Düşmanın bir dili, bir ulusu olmadığını da anlatıyor. "Beni öldüreceklerinden neredeyse emin olduğum sınırdaki Türk askerleri sınırı aşınca yere ceketlerini serip bana bir somun ekmek, salatalık ve domates verdiler yemem için" diyor. Kampta kalamayıp ülkesine döndüğünde kendisine yaşamak için bir ahır bulduğunu, okullara gidip yardım etmek istediğini söylediğini ama "yanında erkek olmadığı" ve "bir aşirete ait olmadığı" için Suriyeliler tarafından ölesiye dövüldüğünü anlatıyor.
Yaşadıkları, yenilir yutulur cinsten değil, mesela IŞİD kardeşini tutukladığında öldürülme riskini göze alarak IŞİD kontrolündeki şehre gidiyor tek başına. "Şehrin bir meydanı vardır. O meydanda kesilen kafalar vardır. Gidip orada erkek kardeşimin kafasını aradım. Kardeşim gözlüklüydü, acaba kesildiğinde gözlüğü düşmüş müdür diye düşünüyordum. Sadece kafasını bulmak istiyordum... Biliyor musun, en çok bunu hayal ediyorsun, kafasını bulayım diye dua ediyorsun" diyor Nur. Gerisini anlatmayayım, dinlersiniz siz de. "Kendi vatanımızdan atılmış çocuklarız biz" diyor Nur, anlattıkları bir ara kaldırılamayacak kadar ağır olduğunda Aygen'in sesi titreyince "Sana ağır geliyorsa anlatmayayım" diyor merhametle. İçim paramparça oluyor bir kez daha...

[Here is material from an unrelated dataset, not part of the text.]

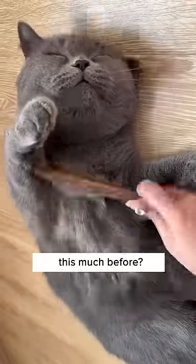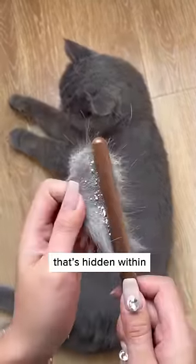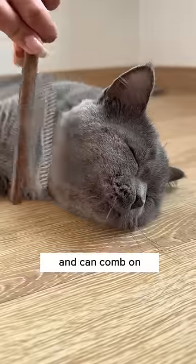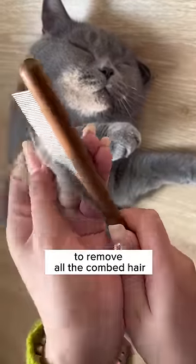Have you ever seen a cat enjoying getting combed this much before? This brush doesn't just comb out excessive hair, but all the fleas and fine dust that's hidden within the hair too. It's easy to hold and can comb any part of your cat with ease. Look at how much my cat enjoys it, and it's super easy to remove all the combed hair on it too.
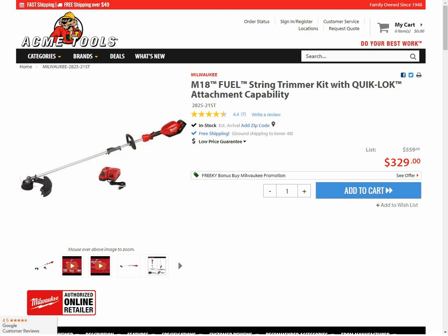Hey guys, welcome back to the Strokeville YouTube channel. For this video, we have to talk about this deal on the Milwaukee M18 String Trimmer at Acme Tools.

Nefret seni iki kaşının arasından vurur
Yıllar önce bir dost meclisinde 1980 Askeri Darbesi sonrası ağır işkence gören biri ile tanışmıştım, bizden yaşça bir hayli büyüktü. Anlattığı şeyler çok ağır gelmişti hatırlıyorum. Ama özellikle bir tanesi hiç hatırımdan çıkmadı bunca yıl. Canını öyle çok yakmışlar ki acıdan bayılmış bir keresinde, kendine geldiğinde bayılmasına sebep olan iki adam az ileride sohbet ediyormuş. Bir tanesi diğerine kızının evvelsi gece nasıl ateşlendiğini, nasıl hastalandığını anlatıyormuş derin bir üzüntüyle. Adam kızını hakikaten o kadar büyük bir üzüntüyle ve şefkatle anlatıyormuş ki, gözünü bile açmadan dinlemiş bizimkisi. "Biraz önce bana yaptıklarını görmeyen biri rahatlıkla dünyanın en iyi kalpli adamı olduğunu düşünebilirdi o işkencecinin. Beni insan olarak görmediğini o zaman anladım. İnsan insana bunu yapar mı? diye sorduğumuz soruların yanıtını anca o zaman anladım" demişti.
İnsanın kendi hayatına dair anlamlı bir algı geliştirebilmesi, hem içinde bulunduğu toplum hem de dünya hakkında doğru bakış açısı geliştirebilmesi için "düşünme", "akıl yürütme" süreçleri hakkında bir bilince sahip olması gerekir. Akıl yürütme işi gömlek düğmesi iliklemeye benzer zannımca. En baştaki düğmeyi doğru ilikleyeceksin annem, düşünme üzerine düşüneceksin yani ilk önce. Sağlıklı bir akıl yürütme mantık ve empatiyle mümkün olur ancak, nefretle değil. Her yere sızıyor nefret usul usul. Korkuyorum. Göçmenlere, sığınmacılara yönelik nefret dili toplumun her kesiminde giderek daha fazla kabul görüyor. Bir arada yaşama imkânını ortadan kaldırabilecek bir duygu iklimi giderek egemen oluyor her yere... Nefret bumerang gibi hareket eden bir duygu; 'fırlattım attım' dersin, gelir seni iki kaşının arasından vurur... Öyle işte...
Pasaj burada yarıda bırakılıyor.